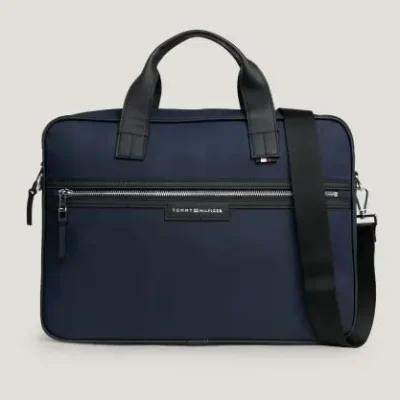 tommy hilfiger laptop bag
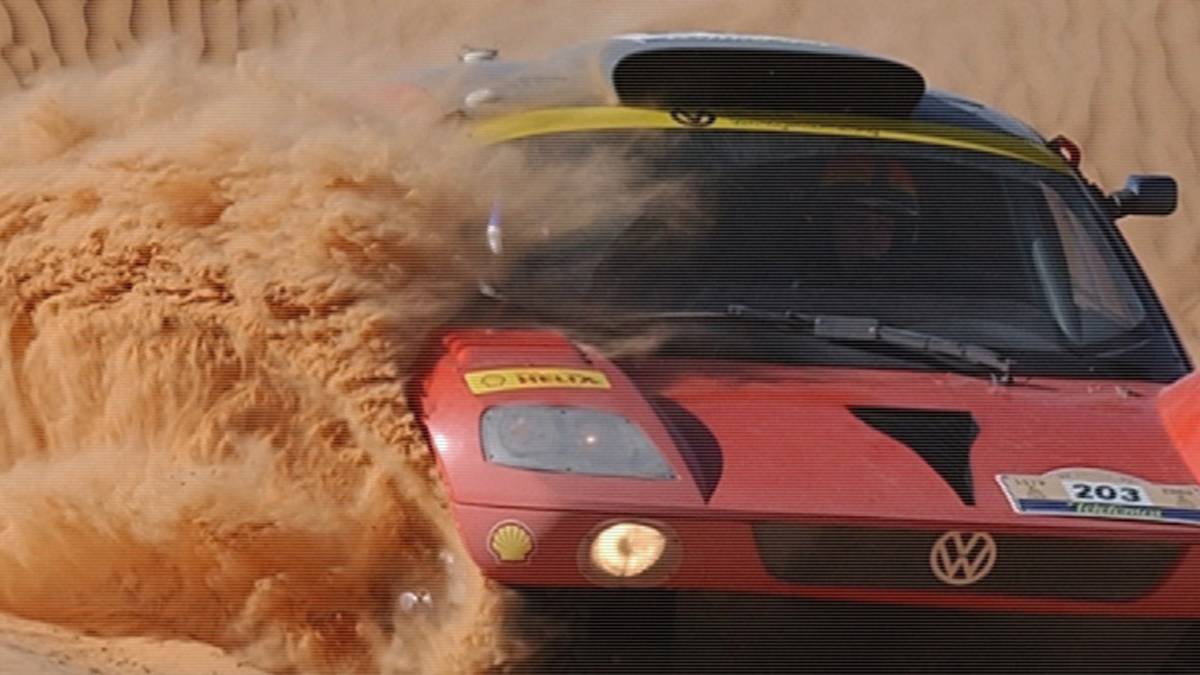 2003: Rückkehr zur Rallye Dakar mit dem Volkswagen Tarek 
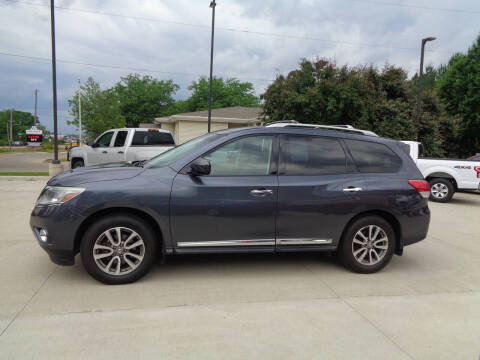 2014 Nissan Pathfinder SL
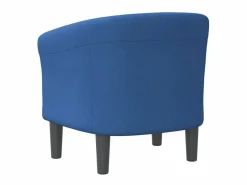 Outlet Sillón de tela ES62262 Azul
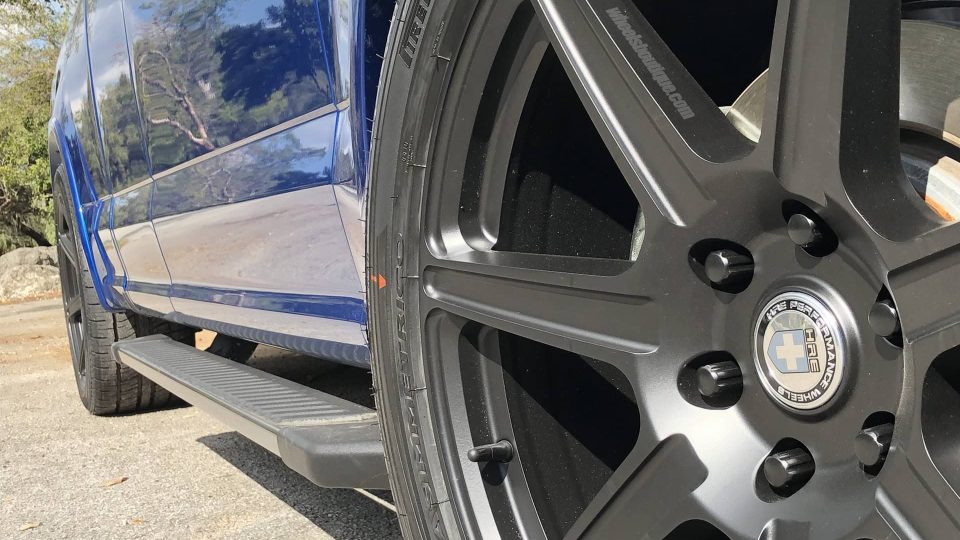 HRE TR107 | 2018 F150 XLT Supercab Roush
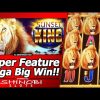 Sunset King Slot – Super Feature Mega Big Win, Live Play and 2 Free Spins Bonuses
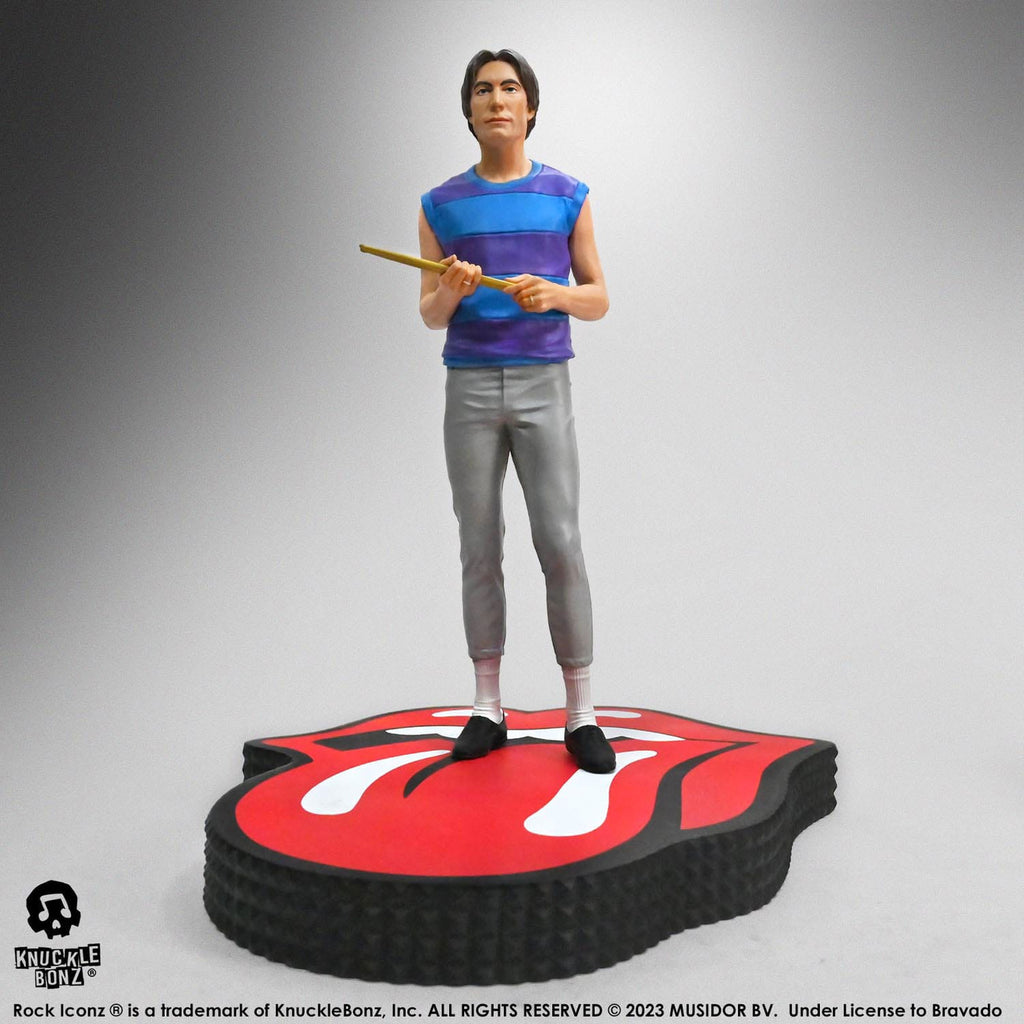 Immagine del prodotto The Rolling Stones Rock Iconz Statua Charlie Watts (Tattoo You Tour 1981) 22 cm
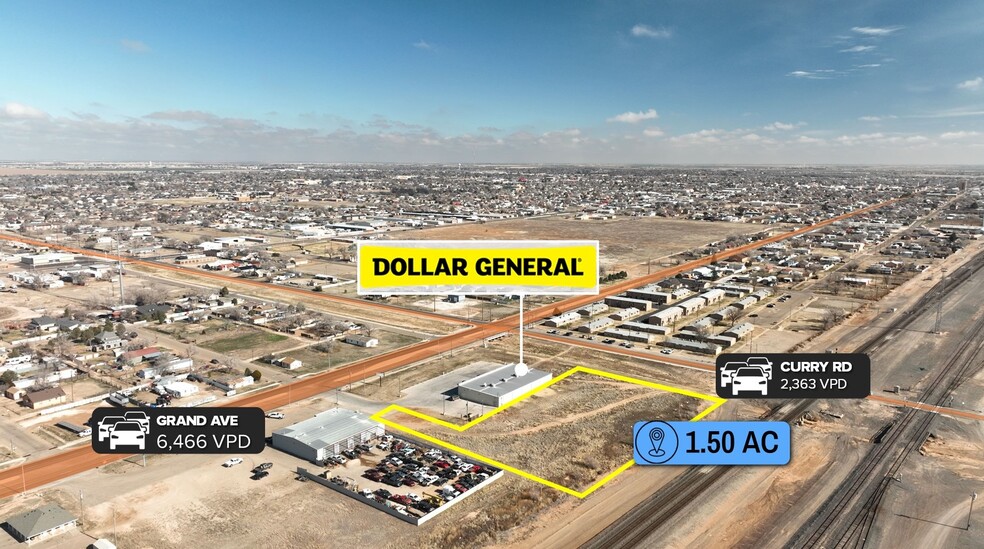 adj. to 2201 West Grand Avenue Ave, Clovis, NM en venta - Foto principal - Imagen 1 de 9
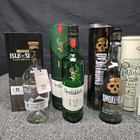 Huge Lot Empty Liquor Bottles Bourbon Whiskey Tequila Glass Craft Decor Bar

━━━━

> [Exercise directions] The required output is a verbatim repetition of the lines from the opening of the entries above through the line containing "Immagine del prodotto", inclusive, with no pictures and nothing else.

> [Task output]
 tommy hilfiger laptop bag
 2003: Rückkehr zur Rallye Dakar mit dem Volkswagen Tarek 
 2014 Nissan Pathfinder SL
 Outlet Sillón de tela ES62262 Azul
 HRE TR107 | 2018 F150 XLT Supercab Roush
 Sunset King Slot – Super Feature Mega Big Win, Live Play and 2 Free Spins Bonuses
 Immagine del prodotto The Rolling Stones Rock Iconz Statua Charlie Watts (Tattoo You Tour 1981) 22 cm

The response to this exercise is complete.